He said he had been in government for 33 years but did not want to end his career "serving the crimes of this regime", adding: "I have preferred to do what is right although I know that this regime will burn my house and persecute my family."

Syrian security forces have killed more than 7,500 civilians during the crackdown on pro-democracy protests, according to the United Nations, and the outside world has proved powerless to halt the killing.

While saying very preliminary military planning was under way, U.S. Defense Secretary Leon Panetta on Wednesday defended U.S. caution in trying to end the violence, despite criticism from legislators who questioned how many people would have to die before the Obama administration used force.
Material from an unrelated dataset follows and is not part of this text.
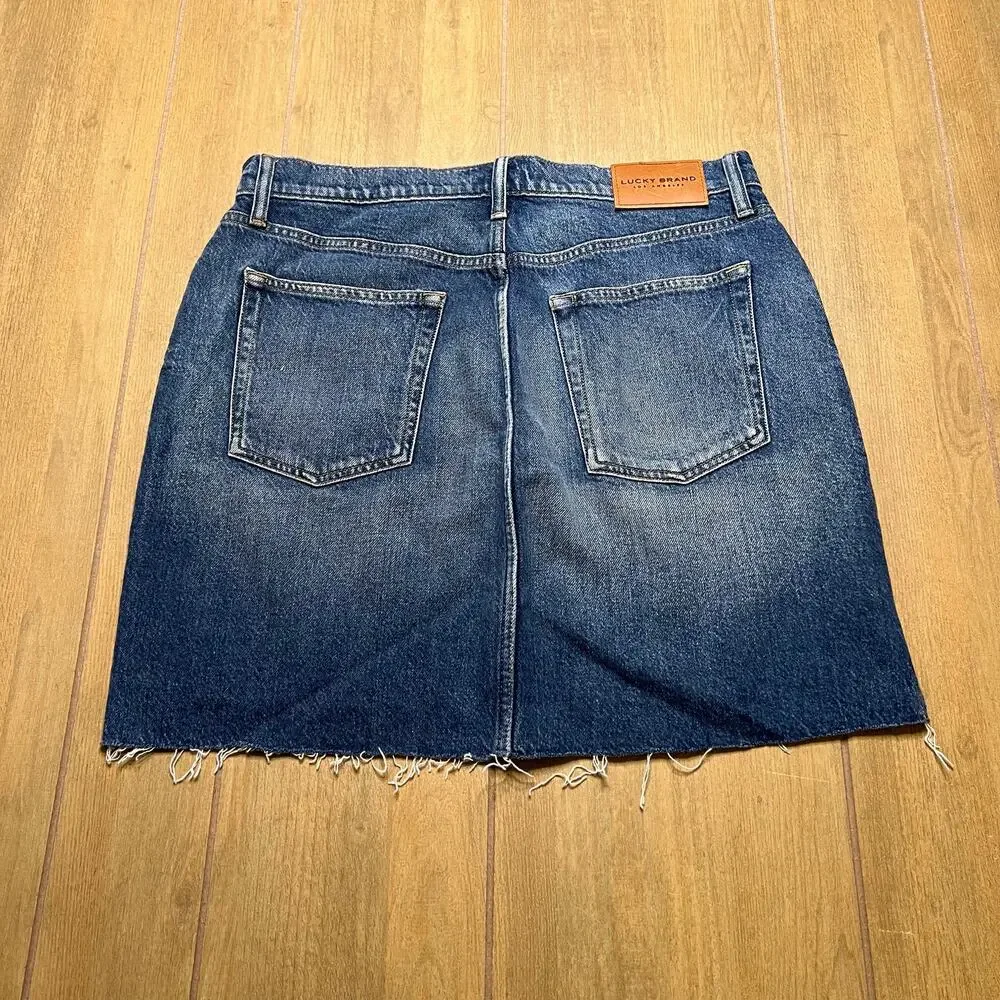 Lucky Brand Women's High Rise Cut Off Jean Skirt Blue Sz 10/30 casual - Picture 5 of 12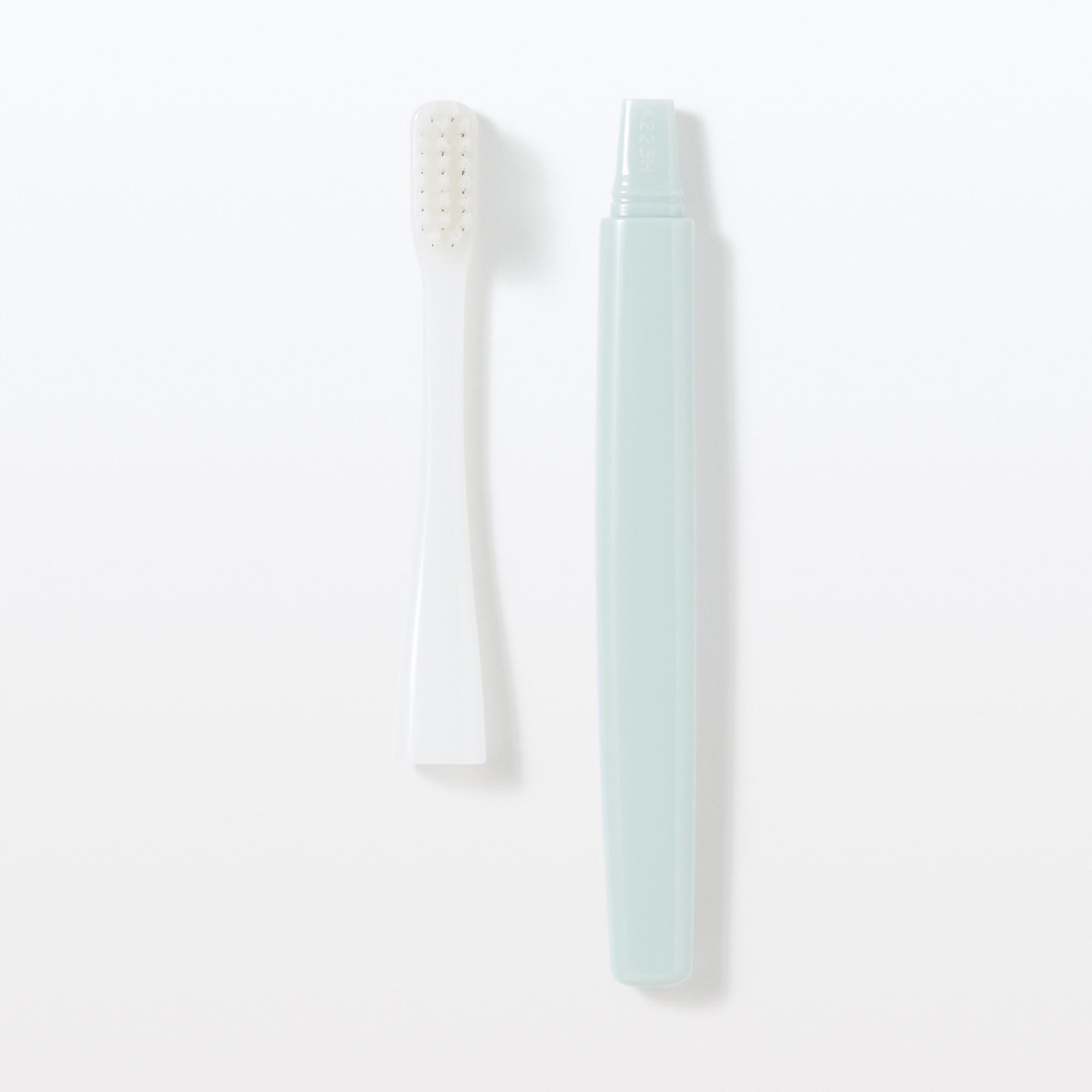 Replaceable Head Medium Toothbrush - Blue - Image 2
U.N. humanitarian chief Valerie Amos saw a scene of devastation and near desertion on Wednesday when she visited the Baba Amr district of the city of Homs that was shelled by the military for nearly a month after becoming a rebel holdout.

Assad appointed Hussameldin, 58, to his current position through a presidential decree in 2009. He said the country's economy was "near collapse". There was no mention of the defection on Syrian state media.

Opposition sources say the government, controlled by Assad's minority Alawite sect that has dominated power in Syria for the past five decades, has effectively stopped functioning in provinces that have been at the forefront of the uprising, such as Homs and the northwest province of Idlib.

But public defections have remained rare among the civilian branches of the state, despite thousands of the mostly Sunni soldiers and conscripts who make the bulk of the army deserting since the uprising broke out last March.

A convoy from the International Committee of the Red Cross has been unable to enter Baba Amr since arriving in Homs on Friday, a day after the district fell to the Syrian military.

Russia, one of Assad's few remaining allies, has, with China, blocked U.N. Security Council resolutions calling for him to step aside. Its U.N. envoy on Wednesday accused Libya's new rulers of running a training centre for Syrian rebels and arming the fighters in their battle to overthrow Assad.

In another effort to stop the violence, former U.N. chief Kofi Annan plans his first visit to Damascus as joint envoy of the United Nations and the Arab League on Saturday.